■ **Problem**: From the material below, copy exactly the lines beginning with the one that contains "A close-up shot" and ending with the one that contains "Quatro coletores de"; the pictures stay out.

■ **Given entries**:
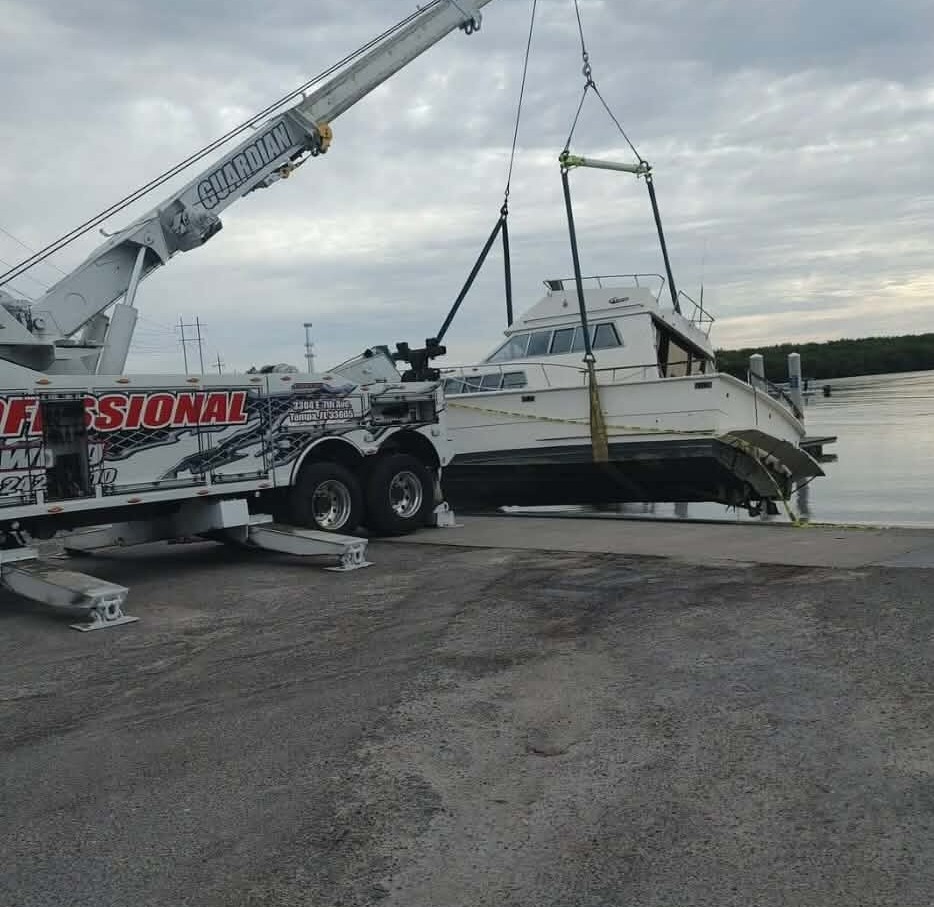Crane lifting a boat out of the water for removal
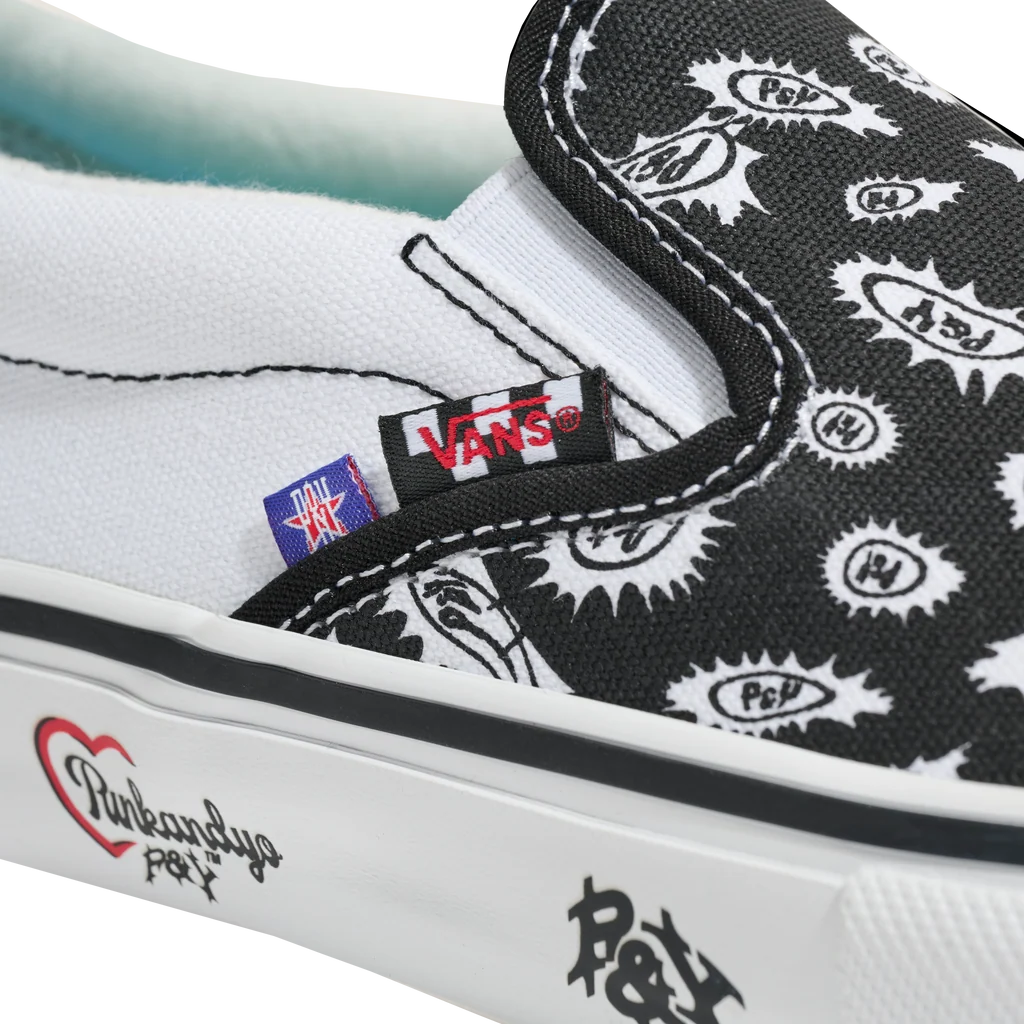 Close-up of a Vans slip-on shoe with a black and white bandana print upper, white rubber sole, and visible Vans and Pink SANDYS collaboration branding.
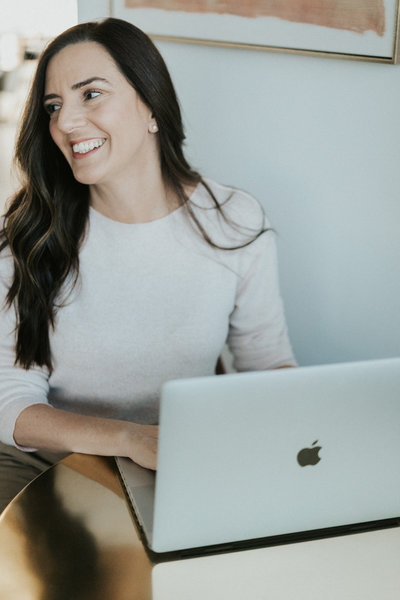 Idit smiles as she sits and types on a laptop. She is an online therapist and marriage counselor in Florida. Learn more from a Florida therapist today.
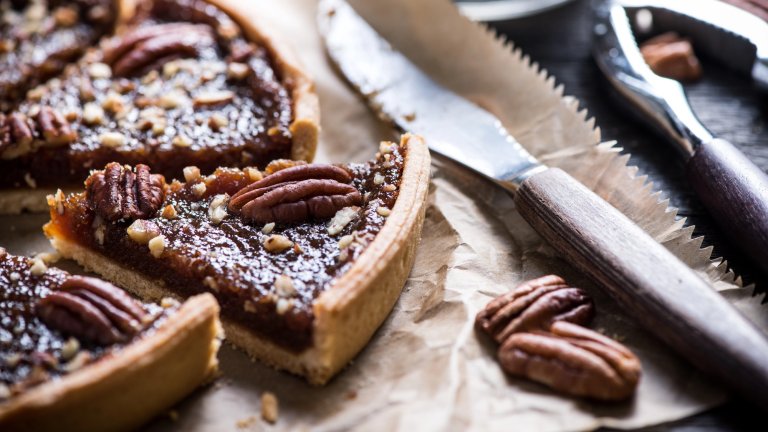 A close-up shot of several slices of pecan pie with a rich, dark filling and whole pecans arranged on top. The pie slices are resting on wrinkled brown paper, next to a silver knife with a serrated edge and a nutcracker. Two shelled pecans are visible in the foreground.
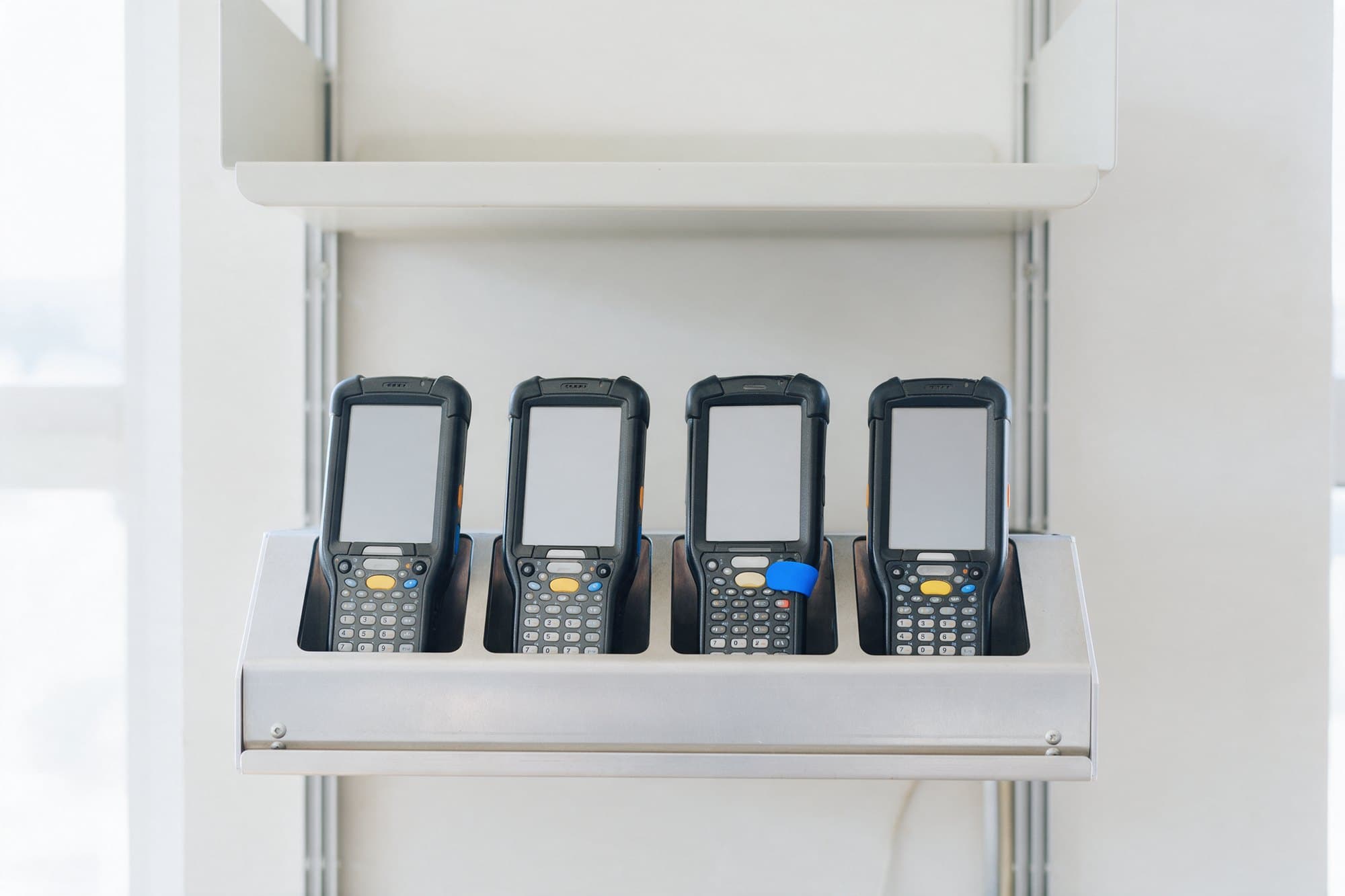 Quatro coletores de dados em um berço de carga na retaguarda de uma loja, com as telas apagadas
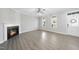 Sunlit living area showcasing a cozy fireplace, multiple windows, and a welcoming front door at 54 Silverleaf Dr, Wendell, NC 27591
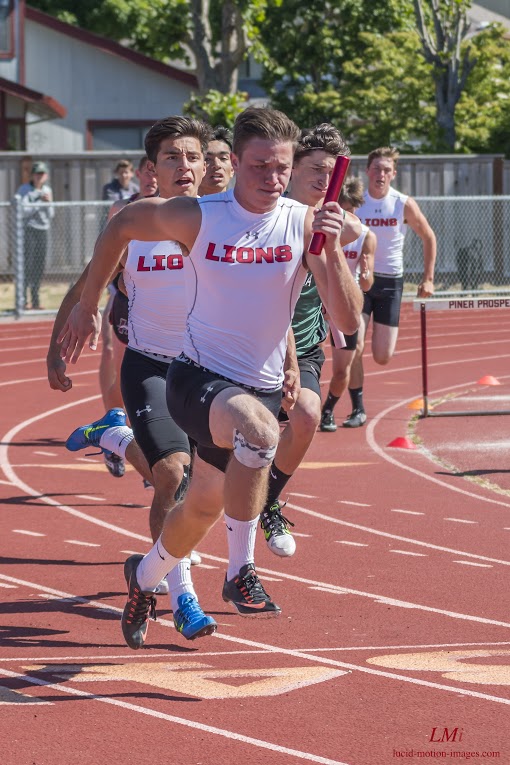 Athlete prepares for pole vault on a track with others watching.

--

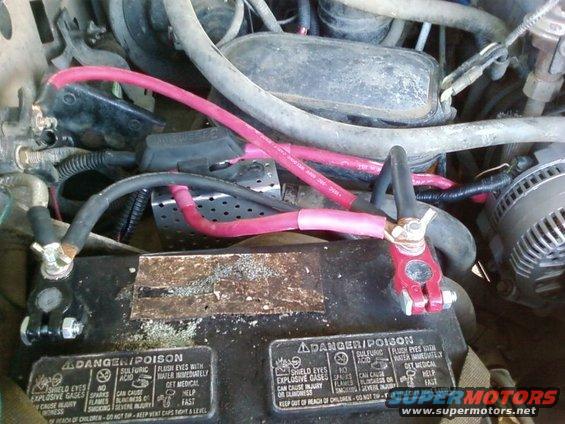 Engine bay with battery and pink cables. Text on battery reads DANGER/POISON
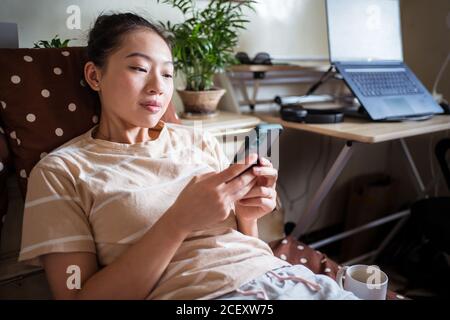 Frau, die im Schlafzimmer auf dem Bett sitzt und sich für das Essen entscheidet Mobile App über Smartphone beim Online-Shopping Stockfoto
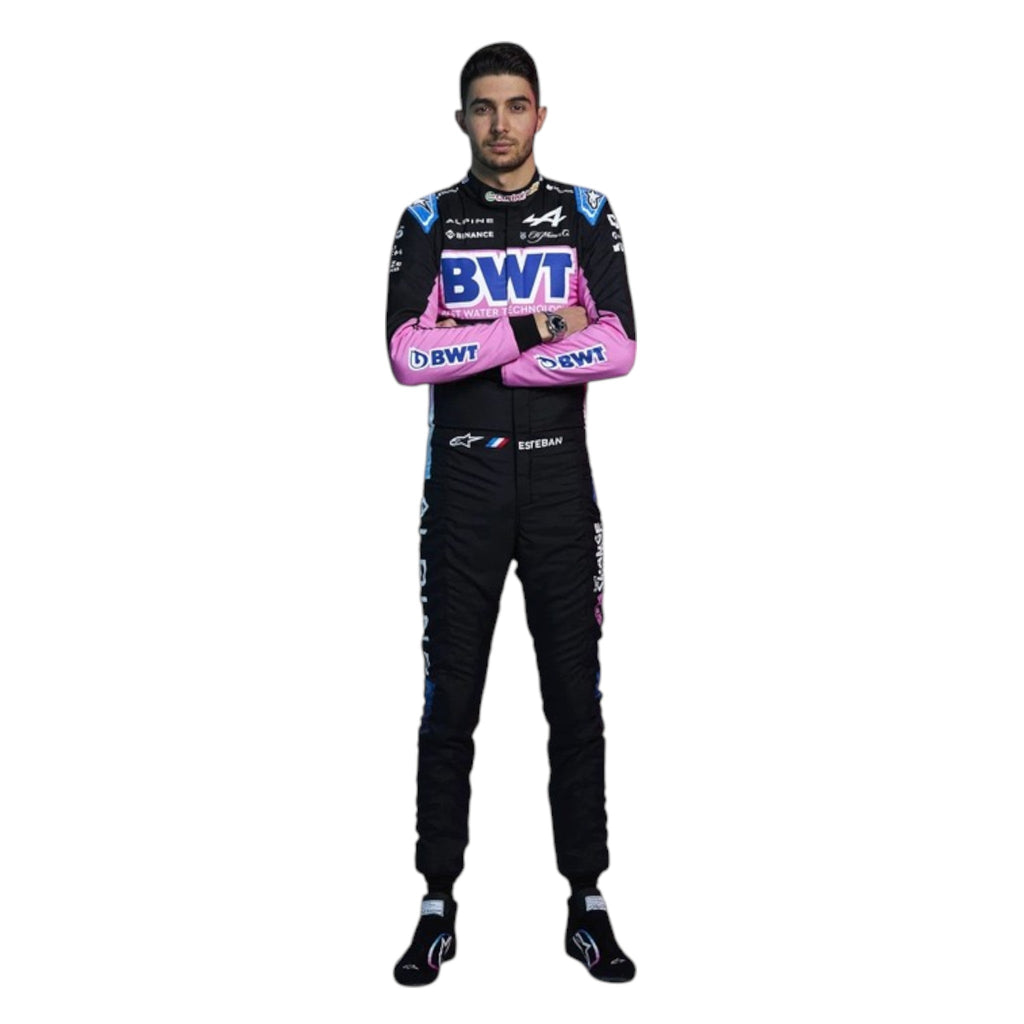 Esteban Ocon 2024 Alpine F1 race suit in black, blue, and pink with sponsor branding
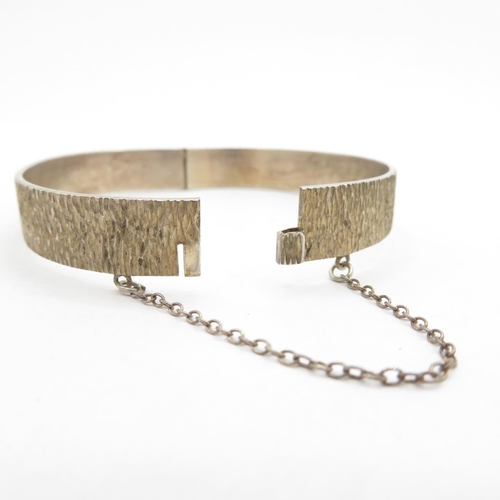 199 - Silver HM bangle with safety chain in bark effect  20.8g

---

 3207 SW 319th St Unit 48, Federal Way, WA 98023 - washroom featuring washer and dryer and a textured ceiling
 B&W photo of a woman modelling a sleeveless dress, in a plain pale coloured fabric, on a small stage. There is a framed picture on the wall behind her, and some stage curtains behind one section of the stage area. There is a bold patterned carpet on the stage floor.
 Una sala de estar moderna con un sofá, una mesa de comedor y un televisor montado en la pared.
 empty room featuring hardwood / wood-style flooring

■ **Output**:
 A close-up shot of several slices of pecan pie with a rich, dark filling and whole pecans arranged on top. The pie slices are resting on wrinkled brown paper, next to a silver knife with a serrated edge and a nutcracker. Two shelled pecans are visible in the foreground.
 Quatro coletores de dados em um berço de carga na retaguarda de uma loja, com as telas apagadas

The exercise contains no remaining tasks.